JLINX systems and methods may in implementations use or include a decentralized off-chain data agreement protocol, which may be implemented using software or instructions on one or more of the aforementioned computing devices. This gives both individuals and organizations control over data sharing and decision making. Each party may be represented by its own software-implemented agent node. Human and machine-readable contracts generated by the data and contract systems and methods provide data control, legal agreements, and governance.


Using the system(s) and methods described herein, each party to a contract may be represented by its own agent that can manage its signed agreements and hold keys to sign those agreements based on signed instructions from the party represented by that agent. In implementations an agent node is code that runs in the cloud and that can be granted permission to take actions on behalf of another entity. Each agent node may have its own identifier (DID) and may be given explicit rights to act on behalf of another identifier. These rights may be represented as verifiable claims that are immutably written to a micro-ledger and that can only be revoked via explicit action by the controlling entity.


In implementations agent nodes may be always online to manage data sharing agreements. This may include using a private server or a trusted software as a service (SaaS) provider to represent each party online. This allows data to be always available to other nodes in the network. Agents may verify and react to incoming events and requests from other nodes. Like smart contracts, agent nodes can be instructed to take actions (execute code) in reaction to other events on the network. Unlike smart contracts, code is solely executed by an agent representing one of the parties, and results in writing new events on micro ledgers that are owned and operated on behalf of that party.


The systems and methods disclosed herein lay the foundation for an automated and decentralized basis for trust. The data agreement layer gives everyone greater control over the data they share online, giving each party agency in a system based on symmetrical permissioned data exchange. The network architecture maps decentralization to the social, legal, and commercial structure of society, where each party not only has self-sovereign identity, but self-sovereign agency.


In implementations the agent may be implemented using software as a service (JLINX Agent as a Service or JAaaS).

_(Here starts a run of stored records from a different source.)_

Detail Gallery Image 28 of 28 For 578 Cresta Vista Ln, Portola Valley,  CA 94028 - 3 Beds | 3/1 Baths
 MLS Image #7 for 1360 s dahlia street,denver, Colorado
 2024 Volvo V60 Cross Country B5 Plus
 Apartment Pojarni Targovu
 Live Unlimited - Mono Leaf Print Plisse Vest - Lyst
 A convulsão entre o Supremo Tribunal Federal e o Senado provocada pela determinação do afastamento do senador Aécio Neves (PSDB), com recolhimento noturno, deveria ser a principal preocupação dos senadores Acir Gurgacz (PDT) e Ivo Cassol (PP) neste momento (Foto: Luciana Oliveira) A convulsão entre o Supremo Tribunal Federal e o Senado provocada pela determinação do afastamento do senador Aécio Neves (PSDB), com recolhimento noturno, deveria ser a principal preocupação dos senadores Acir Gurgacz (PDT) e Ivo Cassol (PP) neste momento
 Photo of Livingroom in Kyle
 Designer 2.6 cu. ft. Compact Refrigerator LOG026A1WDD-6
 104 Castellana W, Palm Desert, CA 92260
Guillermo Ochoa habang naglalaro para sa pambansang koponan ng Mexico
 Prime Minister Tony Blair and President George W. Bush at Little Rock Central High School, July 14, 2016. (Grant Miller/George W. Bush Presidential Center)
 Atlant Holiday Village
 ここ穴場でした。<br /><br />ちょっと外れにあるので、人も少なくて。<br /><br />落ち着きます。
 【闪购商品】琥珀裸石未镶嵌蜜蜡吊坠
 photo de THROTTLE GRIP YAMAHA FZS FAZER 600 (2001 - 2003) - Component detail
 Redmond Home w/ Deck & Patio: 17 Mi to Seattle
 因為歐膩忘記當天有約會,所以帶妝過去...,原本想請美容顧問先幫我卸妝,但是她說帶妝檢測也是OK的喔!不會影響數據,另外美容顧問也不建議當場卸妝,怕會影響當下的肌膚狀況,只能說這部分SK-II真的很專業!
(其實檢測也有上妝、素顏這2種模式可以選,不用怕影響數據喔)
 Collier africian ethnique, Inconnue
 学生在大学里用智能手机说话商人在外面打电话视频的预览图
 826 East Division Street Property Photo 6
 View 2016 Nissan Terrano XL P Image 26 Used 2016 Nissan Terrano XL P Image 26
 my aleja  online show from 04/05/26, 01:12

JAaaS directly addresses the “nobody wants to (or should have to) run their own server” problem articulated by Moxie Marlinspike in his influential post, “My First Impressions of Web3.” JLINX Agents as a service may be hosted and managed by third parties. While users would need to trust one of those third parties to not steal their data, the JLINX Protocols allow the root identity owner to revoke rights granted to keys held by any agent. The root identity keys may be listed as “Owner and controller” and the agent's keys may be listed as “Agent Controller” on any documents or event streams that the owner grants the agent control over.


In implementations any root identity may grant rights to a hosted JLINX Agent service and later revoke those rights and move those responsibilities to another agent. This allows the development of desktop applications (apps), mobile apps, and browser extensions that can hold and use subordinate identity keys to interact to multiple JLINX agents in the cloud under the control of a client app that holds the root keys on a local device. Applications on the local devices can use whatever combination of biometric, pin, password, or other second/multi factor authentication as is desired. Desktop and mobile apps can take advantage of any PKI storage technology such as APPLE′S KeyChain, FIDO, RSA hardware, etc.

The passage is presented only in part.